The expression "London fog" came into common use in the Victorian era when these heavy, low lying smog clouds became a real problem. According to this interesting blog (I can't vouch for its veracity, but it's fascinating reading), in 1847 a coal barge ran into Vauxhall Bridge (the spot from which my photos were taken) and sank during a thick London fog. Nasty. Fortunately, there were no such sad occurrences this week, just plenty of miserable, damp folk trudging around, wishing they hadn't been so ill-tempered about a bit of rain this summer.

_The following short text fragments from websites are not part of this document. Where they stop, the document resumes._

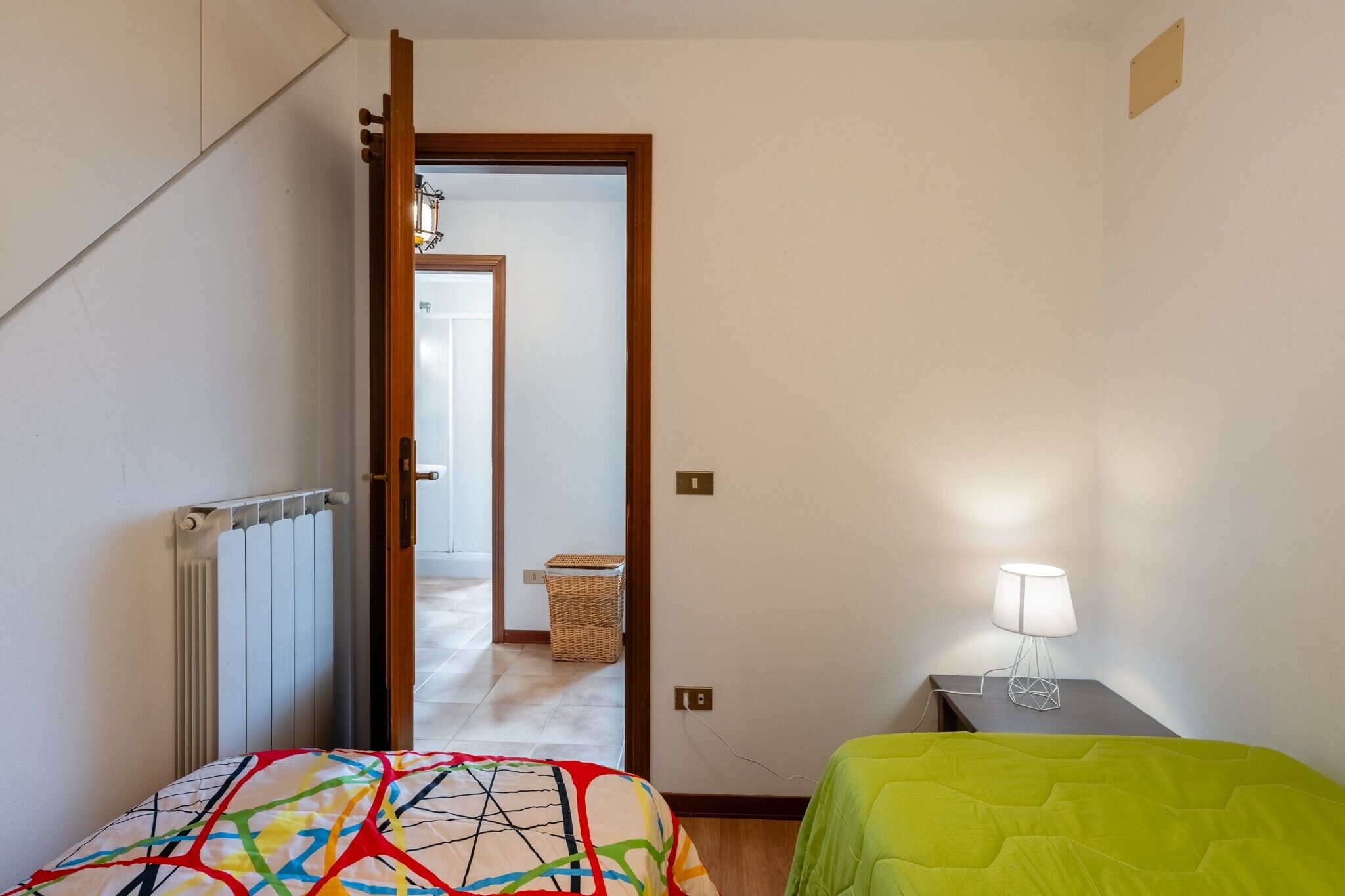 A bedroom with a bed, a bedside table with a lamp, a radiator, a door leading to another room, and a wicker basket.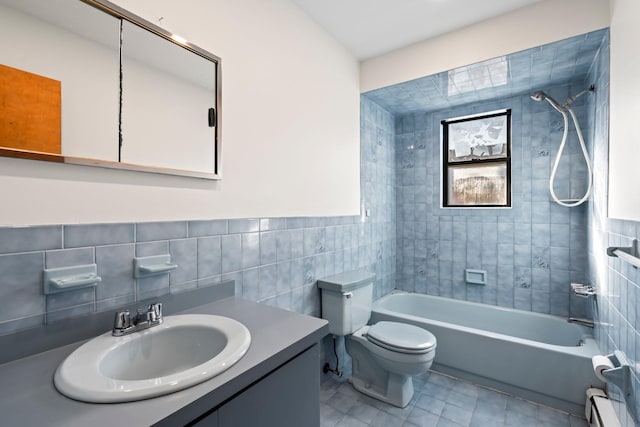 full bathroom with tile walls, tiled shower / bath combo, vanity, a baseboard radiator, and toilet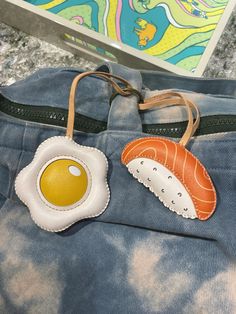 a bag with an egg and sushi on it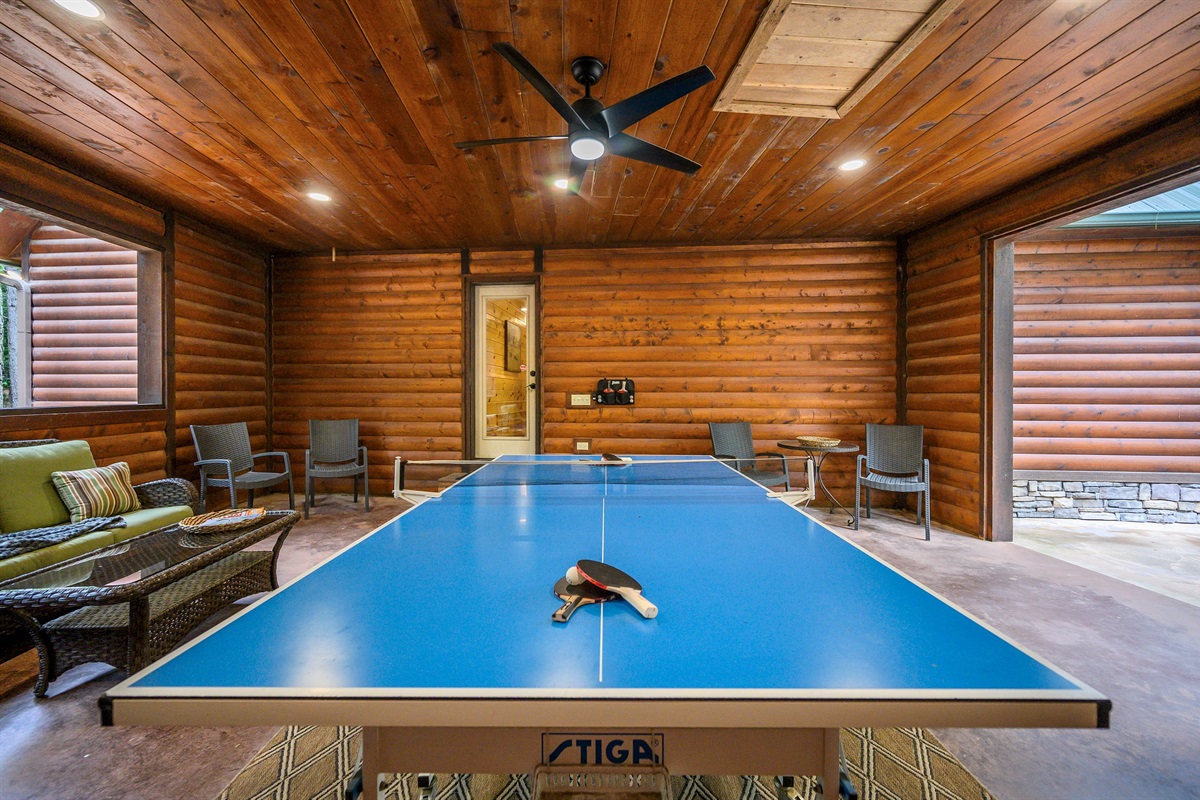Breezeway off the main living provides seating and full size ping pong table.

From here, the story improves somewhat, though, as we head into the domain of food. From a claimed 12,000 deaths in 1952, we move to split pea soup. No kidding. Nothing gets you hungry like mass deaths from pollution. According to Wikipedia, there is a nominal connection between the smoggy fog and the soup, but it seems tenuous at best to me. Nevertheless, reading these articles is a lovely way to waste an hour if you happen to be a trivia nut like me. Nothing like a little useless information.

In the inestimable wisdom that is all things wiki, I also refer you here, to a little article on a variation of tea apparently known as a London Fog. This delectable treat is the subject of much debate as to its origin (who is having this debate is less clear), but it seems to be a mix of Earl Grey tea, milk, vanilla and water.

I'm just full of interesting information tonight, eh?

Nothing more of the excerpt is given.